### [Exercise prompt]
Exactly reproduce the lines from the one containing "this 474×296 image." through the last line of the data, both ends included, leaving out pictures.

(Images for object localization)
□ □ □ □

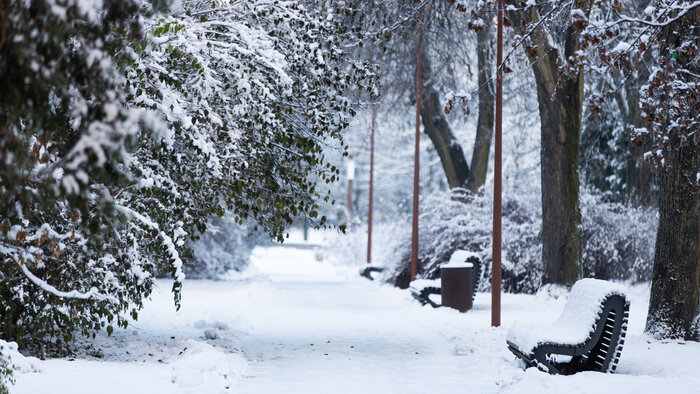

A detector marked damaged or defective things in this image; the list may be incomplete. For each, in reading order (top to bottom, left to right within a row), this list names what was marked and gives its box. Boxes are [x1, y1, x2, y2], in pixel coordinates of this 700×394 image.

rusty metal post [440, 266, 474, 312]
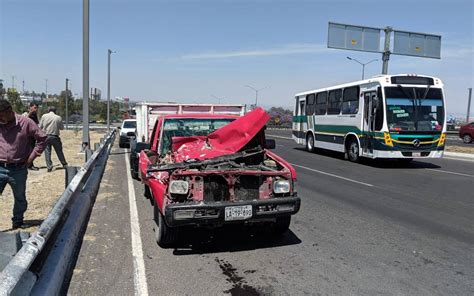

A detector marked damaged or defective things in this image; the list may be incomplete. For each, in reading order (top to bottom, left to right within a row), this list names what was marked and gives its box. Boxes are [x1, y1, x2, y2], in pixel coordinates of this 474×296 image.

crumpled red hood [174, 107, 270, 162]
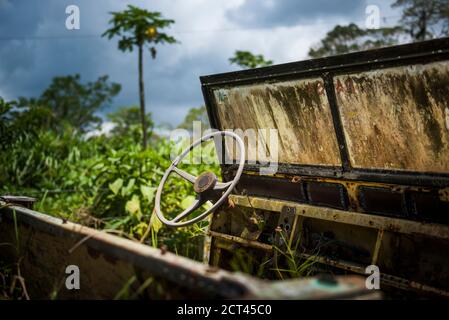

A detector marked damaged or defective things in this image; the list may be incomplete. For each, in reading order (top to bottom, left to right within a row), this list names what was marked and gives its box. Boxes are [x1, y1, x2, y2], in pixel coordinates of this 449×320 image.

rust stain [213, 79, 340, 166]
peeling paint surface [212, 79, 342, 166]
rusty metal body panel [200, 37, 449, 298]
peeling paint surface [334, 61, 448, 174]
rust stain [334, 61, 448, 174]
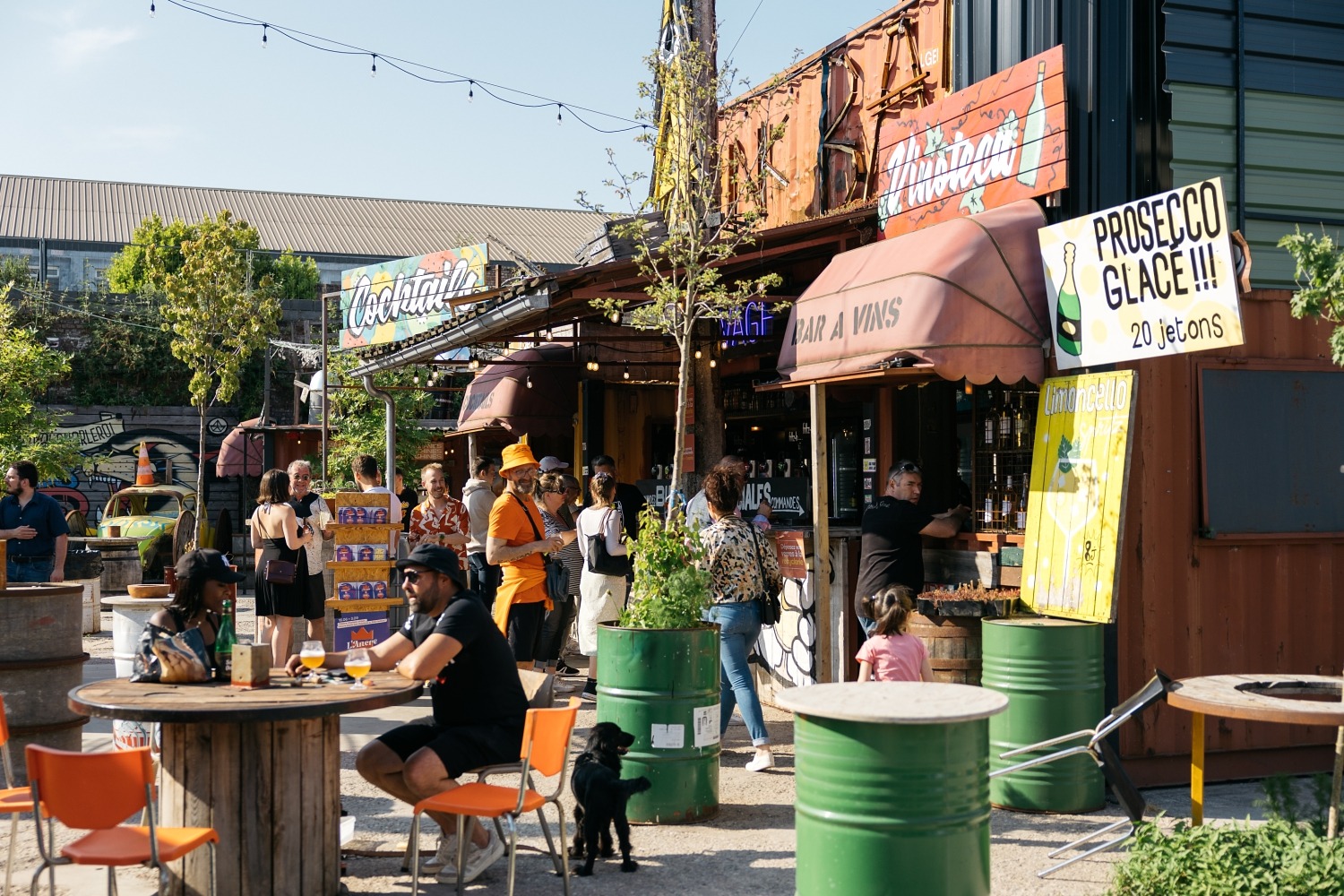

□ □ □ □

### [Answer to this exercise]
A detector marked damaged or defective things in this image; the list may be incomplete. For each, in reading order (top to bottom, left to right within a row), this list names what was marked and gives its box. Boxes are [x1, y1, x2, y2], in pixel coordinates of this 474×296 image.

crumpled red hood [174, 107, 270, 162]

A detector marked damaged or defective things in this image; the list may be incomplete. For each, in reading order (top to bottom, left to right within a row), this list names what was marked and gives its box. Boxes are [x1, y1, x2, y2], in pixel coordinates of this 449×320 image.

rust stain [213, 79, 340, 166]
peeling paint surface [212, 79, 342, 166]
rusty metal body panel [200, 37, 449, 298]
peeling paint surface [334, 61, 448, 174]
rust stain [334, 61, 448, 174]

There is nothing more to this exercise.